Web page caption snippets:
━━━━━━━━━━━━━━━━━━━━
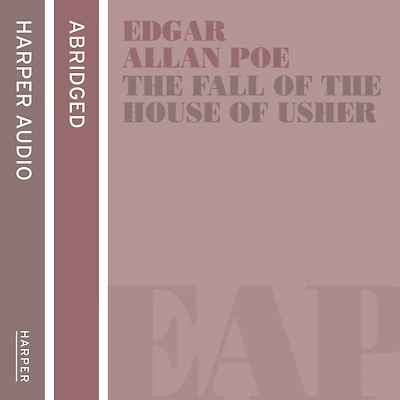 the Fall of House Usher and other stories (Abridged)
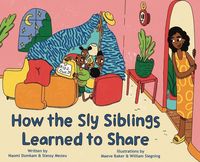 Produktbild: How the Sly Siblings Learned to Share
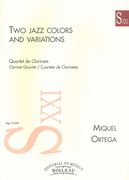 Two Jazz Colors And Variations : For Clarinet Quartet.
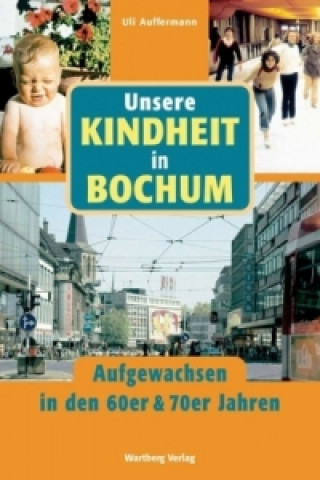 Książka Unsere Kindheit in Bochum. Aufgewachsen in den 60er & 70er Jahren Uli Auffermann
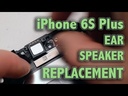 Apple iPhone 6s Plus Earpiece Replacement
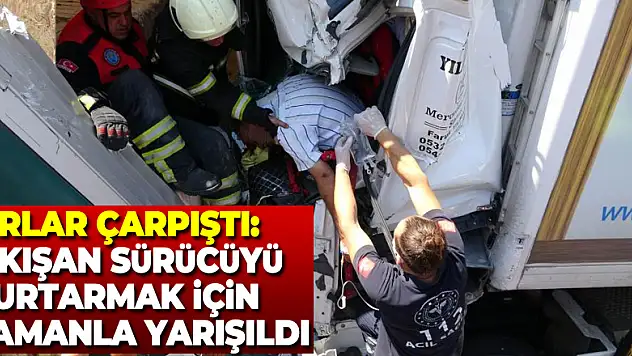 Tırlar çarpıştı: Sıkışan sürücüyü kurtarmak için zamanla yarışıldı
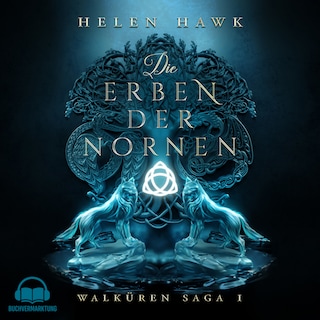 Die Erben der Nornen - Walküren Saga als Hörbuch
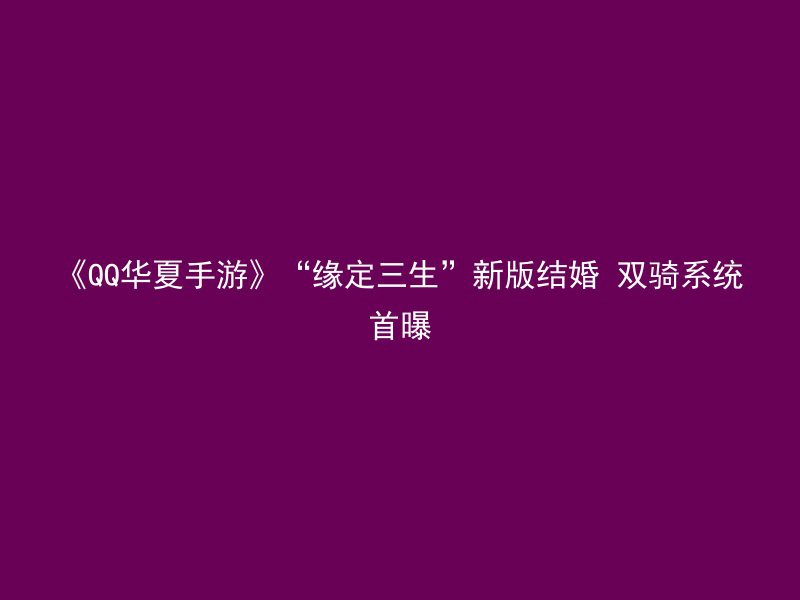 《QQ华夏手游》“缘定三生”新版结婚 双骑系统首曝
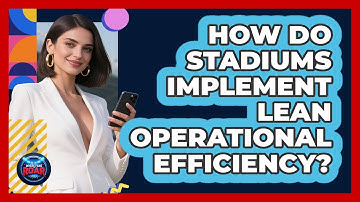 How Do Stadiums Implement Lean Operational Efficiency? - Where the Fans Roar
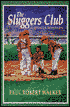 The Sluggers Club: A Sports Mystery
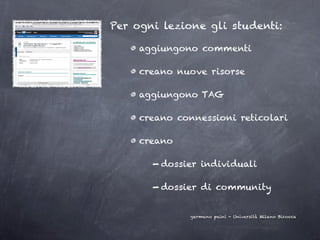 Per ogni lezione gli studenti:

     aggiungono commenti

     creano nuove risorse

     aggiungono TAG

     creano connessioni reticolari

     creano

       - dossier individuali

       - dossier di community

              germano paini - Università Milano Bicocca
 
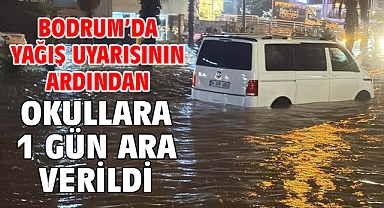 Bodrum’da yağış uyarısının ardından okullara 1 gün ara verildi
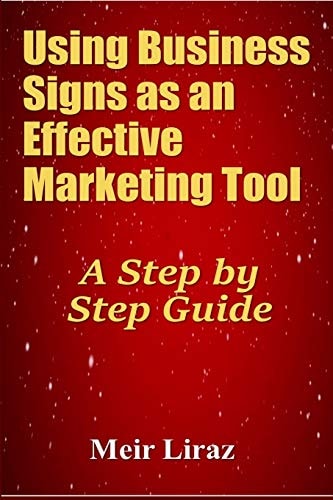 Using Business Signs As an Effective Marketing Tool A Step by Step Guide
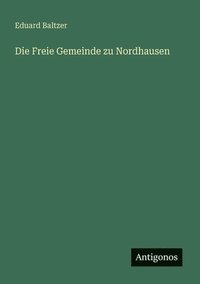 bokomslag Die Freie Gemeinde zu Nordhausen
━━━━━━━━━━━━━━━━━━━━
• The problem
What you produce should repeat the data word for word while omitting all images.

• Expected output
 the Fall of House Usher and other stories (Abridged)
 Produktbild: How the Sly Siblings Learned to Share
 Two Jazz Colors And Variations : For Clarinet Quartet.
 Książka Unsere Kindheit in Bochum. Aufgewachsen in den 60er & 70er Jahren Uli Auffermann
 Apple iPhone 6s Plus Earpiece Replacement
 Tırlar çarpıştı: Sıkışan sürücüyü kurtarmak için zamanla yarışıldı
 Die Erben der Nornen - Walküren Saga als Hörbuch
 《QQ华夏手游》“缘定三生”新版结婚 双骑系统首曝
 How Do Stadiums Implement Lean Operational Efficiency? - Where the Fans Roar
 The Sluggers Club: A Sports Mystery
 Per ogni lezione gli studenti:

     aggiungono commenti

     creano nuove risorse

     aggiungono TAG

     creano connessioni reticolari

     creano

       - dossier individuali

       - dossier di community

              germano paini - Università Milano Bicocca
 
 Bodrum’da yağış uyarısının ardından okullara 1 gün ara verildi
 Using Business Signs As an Effective Marketing Tool A Step by Step Guide
 bokomslag Die Freie Gemeinde zu Nordhausen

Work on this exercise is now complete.